QUESTION: Which relation is NOT a function? Okay, I think I got the answer, but I'm not sure. need help plzz?

Question

Okay, here are the choices:

1) y= 2x + 4
2) y= x^2 - 4x + 3
3) x = 3y - 2
4) x= y^2 +2y - 3

Which is NOT a function?

Okay, so
it's not number one b/c no. 1 is a function. I put the equation in my calc. and on the graph, i got a line. so i did the vertical line test and it only passes it once- so it IS a function.
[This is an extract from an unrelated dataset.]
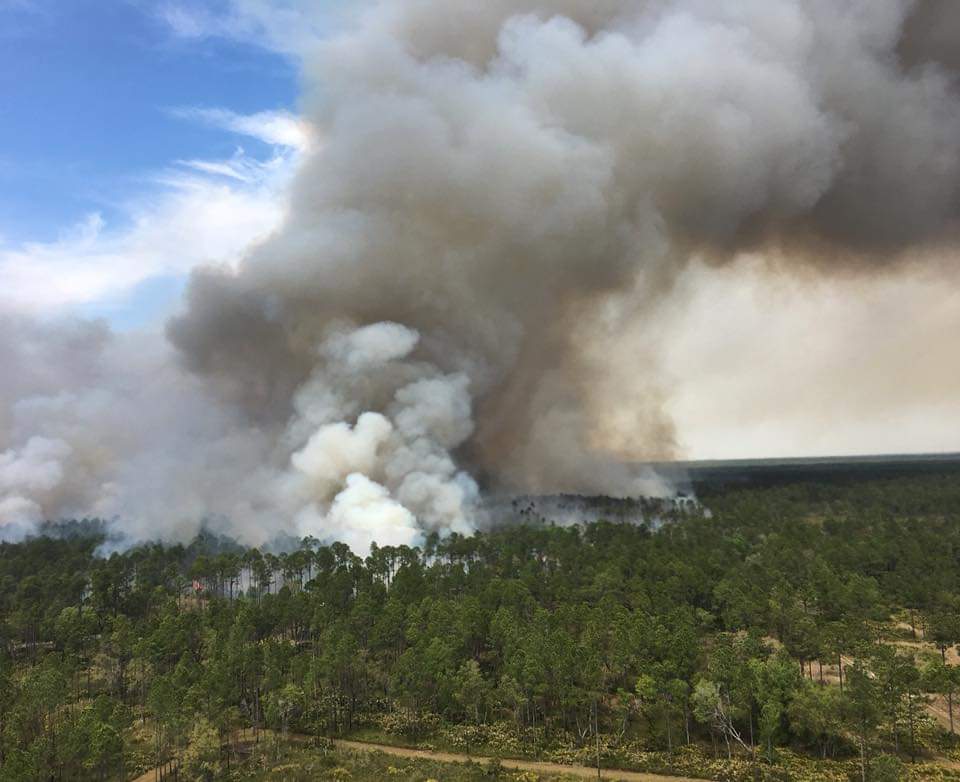 An areial view of smoke amongst the trees.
not no. 2 b/c tht is a function as well. same thing- put in calc. got a parabola- vert. line test- only pass once- IT IS A FUNCT.

not no. 3 because after i solved for Y. put in calc--same thing- vert line test- passed once- so it is a function...
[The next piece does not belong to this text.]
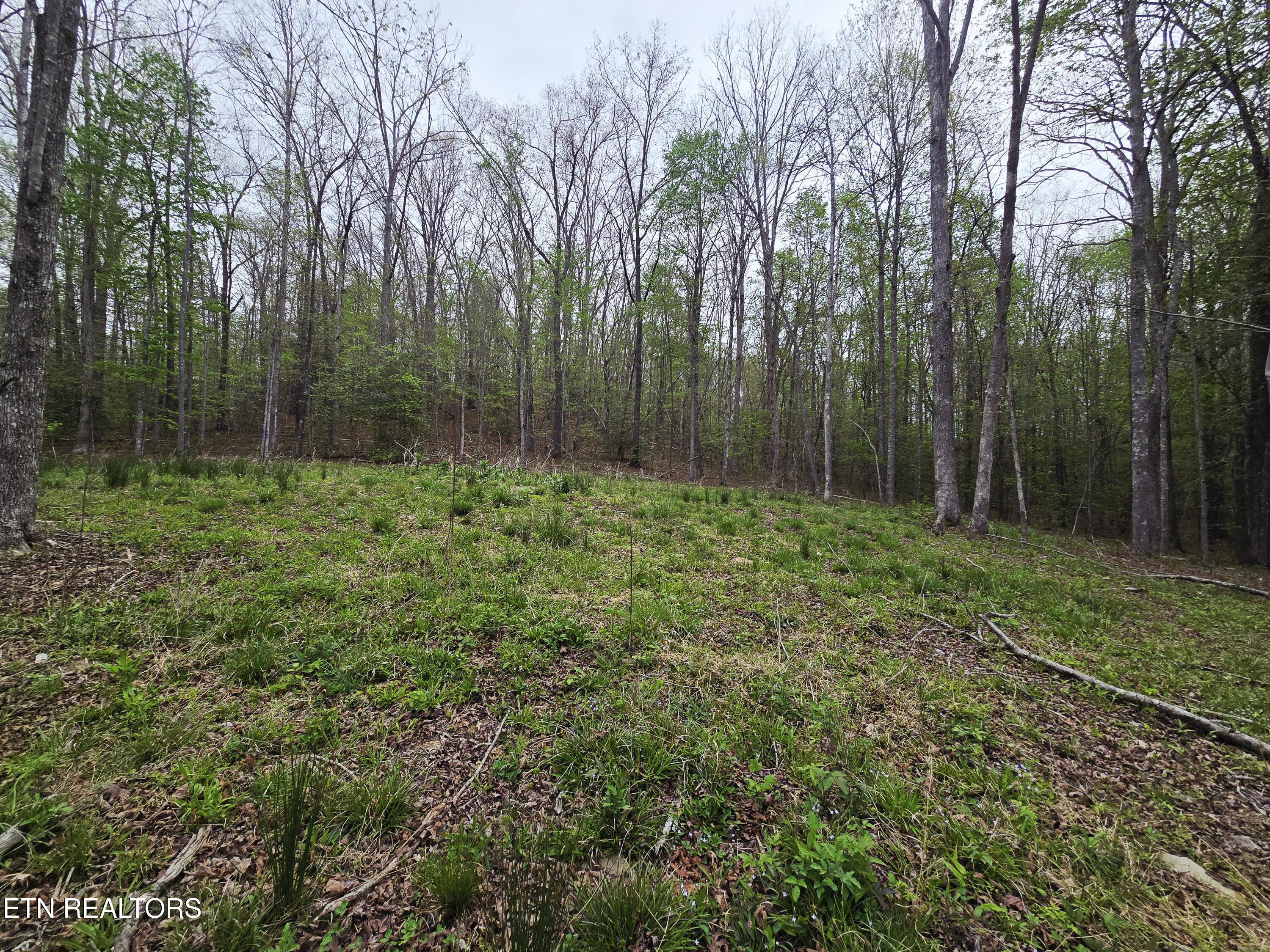 0 Scott-fentress Co. Line Allardt TN 38504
no 4....i do not get how to solve for Y.....i did: ADD 3 on both sides...got x +3 = y^2 + 2y...then divided by 2, got x + 3 = y^2...square root that??????? can someone help me with tht IF i did it so far....

help....again, i am supposed to tell which is not a FUNCTION and WHY?

thanks !!!!!!!!! :)
xoxo
xoxo

Answer 1

You are right. Here is a trick on number 4.

Since you cannot graph x=y^2+2y+3

You can graph y=x^2+2x+3. (switch x and y)

If you take your graph and turn your calculator 90degrees (on its side) you will see what x=y^2+2y + 3 would look like.

When you learn inverses this trick will make sense.

Answer 2

4) x= y^2 +2y - 3
y = [ -2 +/- sqrt(2^2 -4(1)(-3-x))]/2
Thus one value of x can produce two values of y which violates the definition of a function and violates the vertical line test.

Answer 3

the fourth one is not a function because for every x value, there is more than one y value (meaning it does not pass the vertical line test)

x = y^2 + 2y - 3 = (y + 3) (y-1)

can you see how there is more than one y value for every x value?

Answer 4

number 4 is not a function.. This will produce a sideways parabola, since x and y are backwards in the traditional sequence of a quadratic equation. Therefore, many values of x will have two values of y.

Answer 5

try factoroing it